“Asking good questions is productive, positive, creative, and can get us what we want.” Most people believe this and yet some do not ask enough good questions. Perhaps one of the reasons for this is that effective questioning requires a great listener.
Effective Questions are:
- Questions that are useful and thought-provoking.
- Open-ended and not leading questions.
- They are not “why” questions, but rather “what” or “how” questions. “Why” questions are good for soliciting information but can make people defensive so be thoughtful in your use of them.
Creative Questions: Ask to Know Someone
These questions are powerful on their own, but I do have a few guides to help you get the most out of them. When asking effective questions, it is important to wait for the answer and not provide the answer. Many of these questions will bring up sensitivity that might touch on their fears, missed opportunities, and compassion.
If you had to choose to live without one of your five senses, which one would you give up?
Which of the five senses could they live without? If someone is touchy-feely, they’d most certainly leave touch intact. If they left out their eyes, then you know they are not into physical things. If they cut their sense of taste out, then you know they aren’t picky about where to eat.
What animal best represents you and why?
This is one of those good questions to get to know someone and a great way to understand how they see themselves. Like the king of the jungle the lion, or do they reflect more personable qualities, like the loyalty of dogs?
Where do you see yourself in five years?
This is one of the greatest questions to get to know someone because while it comes off as a simple conversation starter, their answer will often reveal what’s most important to them. Do they respond with something work-related (I’ll be a business owner)? Family-related (I’ll be married with my first child)?
Why did you choose your profession?
Stop asking someone, “Where do you work?” Instead, try to know if they’re driven by the money, passion, a series of coincidences, or family by asking why they chose their profession.

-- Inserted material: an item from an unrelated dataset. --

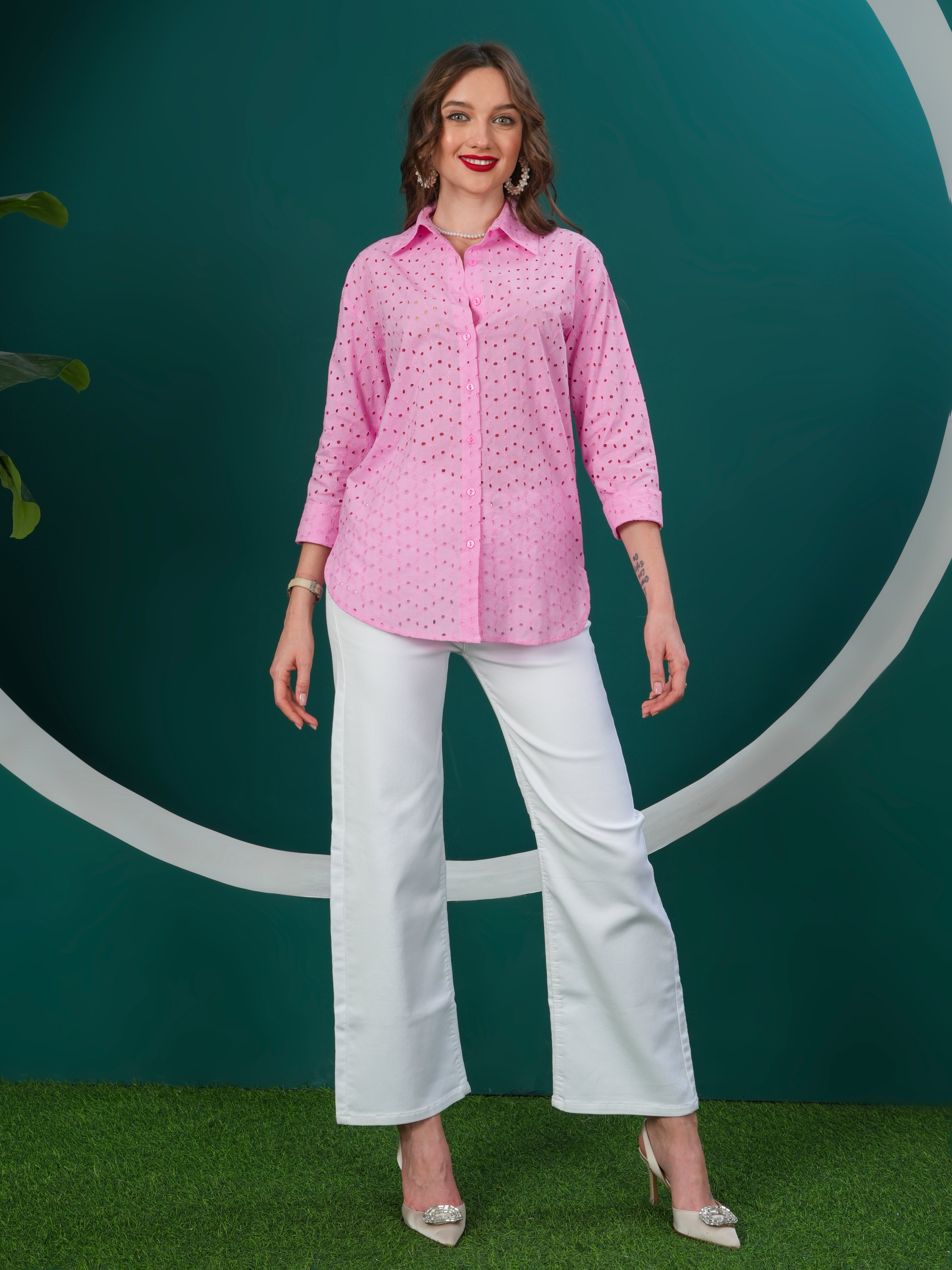 Pink Designer Schiffli Shirt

The answer will give you an insight into their motivations for success.
How do you want to be remembered?
This is one of the most interesting questions to ask as it’s self-reflective and opens up a conversation about a person’s impact on others. It will give you an insight into their ideas, morals, and values. Do they want to be remembered as a family man, as a good friend, and etc?
In what ways are you a leader? In what ways are you a follower?
This two-part question is an introspective look into someone’s motivations. You can find out if they are an introvert, an extrovert, or something in-between.
What would be your “perfect” day?
Most people will look to their past to find an answer to this question. Some have already lived their perfect day and would love to recreate it. You’ll learn who and what is most important to them.
What makes you happiest?
This question is ambiguous enough to be a great question to ask on a first date, a solid interview question, or one of the more introspective conversation starters to use with friends, family, or acquaintances. Since happiness is universal, and what makes someone happy is so personal, it can help you quickly get to know someone.
Who’s your personal hero?
Ask someone when you’re trying to get them to open up. We often emulate our heroes and hold their values up as a template for our own. This question will give you a deeper understanding of someone’s personal values and beliefs.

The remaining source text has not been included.